За решеткой снова наступила тишина.
– Могу я кое о чем спросить? – тихо сказал молодой человек.
– Конечно, сын мой.
– Я даже не знаю, зачем я здесь. Мне просто нужно было с кем-то поговорить. Может быть, стоило пойти к психологу или к кому-то еще, я не знаю, уместно ли это говорить здесь, я не хочу помешать и все такое…
Мэллей никогда не перебивал сидящих в кабинке, но на этот раз почувствовал, что это будет правильно.
– Сын мой. Большие проблемы или маленькие – это не имеет значения. Если ты пришел сюда поговорить, добро пожаловать. Ты не должен ощущать стыд или вину, здесь ты чист, и я охотно тебя выслушаю.
– Спасибо, – с облегчением ответил тот.
– Так что с твоим братом? Чему ты стал свидетелем?

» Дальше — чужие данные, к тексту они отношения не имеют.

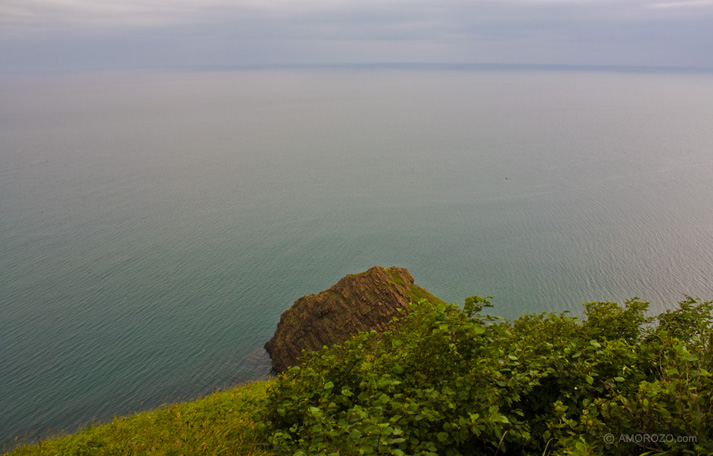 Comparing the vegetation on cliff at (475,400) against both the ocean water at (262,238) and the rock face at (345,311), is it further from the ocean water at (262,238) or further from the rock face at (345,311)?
the ocean water at (262,238)

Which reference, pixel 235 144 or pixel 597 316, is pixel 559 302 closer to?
pixel 597 316

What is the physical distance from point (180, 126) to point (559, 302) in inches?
5603

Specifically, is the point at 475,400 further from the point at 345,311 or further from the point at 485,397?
the point at 345,311

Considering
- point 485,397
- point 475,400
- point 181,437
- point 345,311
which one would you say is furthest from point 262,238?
point 485,397

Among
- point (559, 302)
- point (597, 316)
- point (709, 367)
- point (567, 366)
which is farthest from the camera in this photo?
point (559, 302)

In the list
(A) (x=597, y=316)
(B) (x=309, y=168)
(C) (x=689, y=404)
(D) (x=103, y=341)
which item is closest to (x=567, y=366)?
(C) (x=689, y=404)

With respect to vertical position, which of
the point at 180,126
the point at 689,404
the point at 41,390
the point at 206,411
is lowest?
the point at 41,390

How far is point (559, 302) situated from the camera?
150 ft

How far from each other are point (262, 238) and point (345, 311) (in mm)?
30698

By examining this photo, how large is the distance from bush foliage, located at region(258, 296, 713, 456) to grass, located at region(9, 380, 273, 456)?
1269 mm

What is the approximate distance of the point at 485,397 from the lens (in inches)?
339

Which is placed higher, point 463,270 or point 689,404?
Answer: point 689,404

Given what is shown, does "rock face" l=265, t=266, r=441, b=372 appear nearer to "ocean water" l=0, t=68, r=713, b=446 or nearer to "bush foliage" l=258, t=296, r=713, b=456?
"ocean water" l=0, t=68, r=713, b=446

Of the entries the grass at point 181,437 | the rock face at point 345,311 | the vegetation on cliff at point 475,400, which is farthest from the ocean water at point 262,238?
the vegetation on cliff at point 475,400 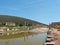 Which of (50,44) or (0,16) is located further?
(0,16)

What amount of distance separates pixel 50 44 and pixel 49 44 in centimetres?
13

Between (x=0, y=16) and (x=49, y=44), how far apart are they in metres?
134

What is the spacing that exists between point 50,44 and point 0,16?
133535 mm

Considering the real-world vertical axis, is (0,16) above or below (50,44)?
above

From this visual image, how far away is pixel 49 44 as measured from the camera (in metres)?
17.5

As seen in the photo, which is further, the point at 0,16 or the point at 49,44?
the point at 0,16

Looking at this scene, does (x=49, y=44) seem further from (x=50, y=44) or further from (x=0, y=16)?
(x=0, y=16)

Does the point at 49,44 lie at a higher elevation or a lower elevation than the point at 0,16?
lower

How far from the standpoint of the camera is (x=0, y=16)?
14888cm

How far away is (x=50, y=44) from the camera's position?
57.6 ft

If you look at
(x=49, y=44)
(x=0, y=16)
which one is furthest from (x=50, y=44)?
(x=0, y=16) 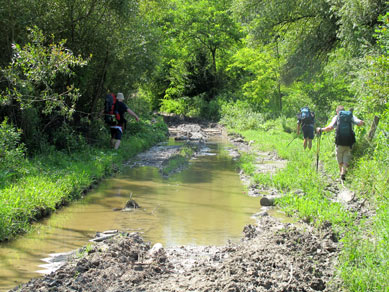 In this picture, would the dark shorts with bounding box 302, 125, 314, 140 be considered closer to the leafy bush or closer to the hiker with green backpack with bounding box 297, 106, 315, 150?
the hiker with green backpack with bounding box 297, 106, 315, 150

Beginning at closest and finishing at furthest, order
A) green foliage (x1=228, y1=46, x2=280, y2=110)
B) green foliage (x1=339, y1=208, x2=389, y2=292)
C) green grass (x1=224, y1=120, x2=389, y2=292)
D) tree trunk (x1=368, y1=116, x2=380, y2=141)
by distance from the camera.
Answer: green foliage (x1=339, y1=208, x2=389, y2=292)
green grass (x1=224, y1=120, x2=389, y2=292)
tree trunk (x1=368, y1=116, x2=380, y2=141)
green foliage (x1=228, y1=46, x2=280, y2=110)

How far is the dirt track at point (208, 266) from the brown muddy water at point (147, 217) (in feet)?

– Я его боюсь, – сказал незнакомец.
– В каком смысле боишься?
– Он перестал быть самим собой. Я боюсь, что… он что-то делает.
– О чем именно речь?
Мэллей начал ощущать любопытство.
– Он больше не разговаривает со мной. Где-то пропадает ночами. Когда приходит домой, запирает дверь. Не хочет впускать меня в свою комнату. Я думаю, он там что-то скрывает.
– Вот как. Я могу спросить, сколько ему лет?
– Двадцать восемь.
– А где он работает?
– О нет, он не работает. Понимаете ли, он болен.
Незнакомец снова замолчал. Мэллей слышал, как тот ерзал на лавке. Молодому человеку явно было не по себе.
– Болен? Чем именно?
– Не знаю, стоит ли мне говорить это, отец. Я чувствую, что предаю его. Что я…
– Речь идет о тебе и о Господе, – прервал его Мэллей. – Ты никого не предаешь. Господь – наш всеобщий отец.
– Нет, я не могу. Это была ошибка. Я слишком боюсь.
Мэллей уже не мог сидеть на месте спокойно.
– Чего ты боишься, сын мой?
– Он опасен.
– Кто?..
– Мой брат. Он опасен.
– Ты боишься, что он… навредит тебе?
Наступила полная тишина. Мэллею показалось, он услышал слабый плач.
– Сын мой, послушай меня.
– Нет, – сказал тот, поднимаясь. – Я не смею. Это слишком больно. Извините, что помешал вам, отец.
Мэллей услышал, как рука повернула маленькую дверную ручку, и быстро принял решение.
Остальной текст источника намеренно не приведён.